The boy sighed and walked outside to sit on the porch. Perhaps his father had used up all the raw materials required to make fun.
He had been staring at the two figures by the road for a long while before he realized they were there. At first, he wondered if they were real. The two boys, one a head taller than the other, appeared from nowhere as though they had materialized out of the shimmering land that lay beyond the road.
The boy sat upright and squinted to get a better look. He could see that both of the newcomers wore overalls, the denim straps reaching up over bare tanned chests. The pant legs of both were rolled up so as not to drag beneath their bare feet.

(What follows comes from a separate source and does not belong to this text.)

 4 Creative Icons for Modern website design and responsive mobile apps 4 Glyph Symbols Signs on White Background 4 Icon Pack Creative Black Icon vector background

Their identical blonde hair told the boy they must be brothers, likely the owners of the bicycles and the muddy four-wheeler he had seen at the house down the road. He wondered if they would give him a ride on the four-wheeler, or, perhaps, let him drive it himself. His parents would not approve of such a venture, he knew, but he wouldn’t have approved of moving to the country if they had asked him. What they didn’t know, they didn’t know.
He rose slowly, thinking that any sudden movement on his part might scare the visitors off, and walked through the yard, the dry, brown grass crackling beneath his feet. When he reached the gravel drive, his feet stirred up little puffs of white dust, infant cousins to the plumes created by the passing trucks. The gravel crackled more than the grass and he winced at the sound, still sure that the two boys would flee from his approach.
They did not flee. As the boy drew closer, he saw that they did not seem to notice him at all. Instead, their eyes gazed upward at the large oak tree that dominated the front of the yard. Their skyward stares and slack jaws gave the boy the impression of reverence, as though they stood in awe of some celestial being perched among the upper branches of the tree. He had seen similar expressions, though, on the special education students at school–his old school, perhaps they were all special education here–and decided to ease into conversation.
“Hey,” he said.
It was a moment before the boys turned and looked at him. When they did, their faces shifted into a look of cautious curiosity. They were sizing him up, the boy knew, although he could not say why.
“You just move here?” the older boy asked. His voice had a strong drawl that would have made him an instant target in a city school.
“Yeah, my name’s Josh.” He extended his hand. Neither of the boys shook it. Instead, they both turned their gazes back upon the tree.
“You two live down the road, right?” Josh asked. “I saw your bike and your four-wheeler.”
The younger boy kept his eyes fixed on the oak, but the older boy turned back to Josh long enough to answer. “You know what this is?” He turned back to the tree.
Josh turned and studied the oak. He could see nothing through the thick coat of leaves, nothing that would indicate anything other than the obvious.
“Looks like an oak tree,” he answered at last. “Is that right?” He thought that perhaps the two brothers had learned of his coming from the city and meant this meeting as some sort of test or as a means of teasing him by making him feel out of place. If so, he didn’t plan on giving them the satisfaction.
The younger brother, eyes still cast upward, whispered, “That’s the hangin’ tree.”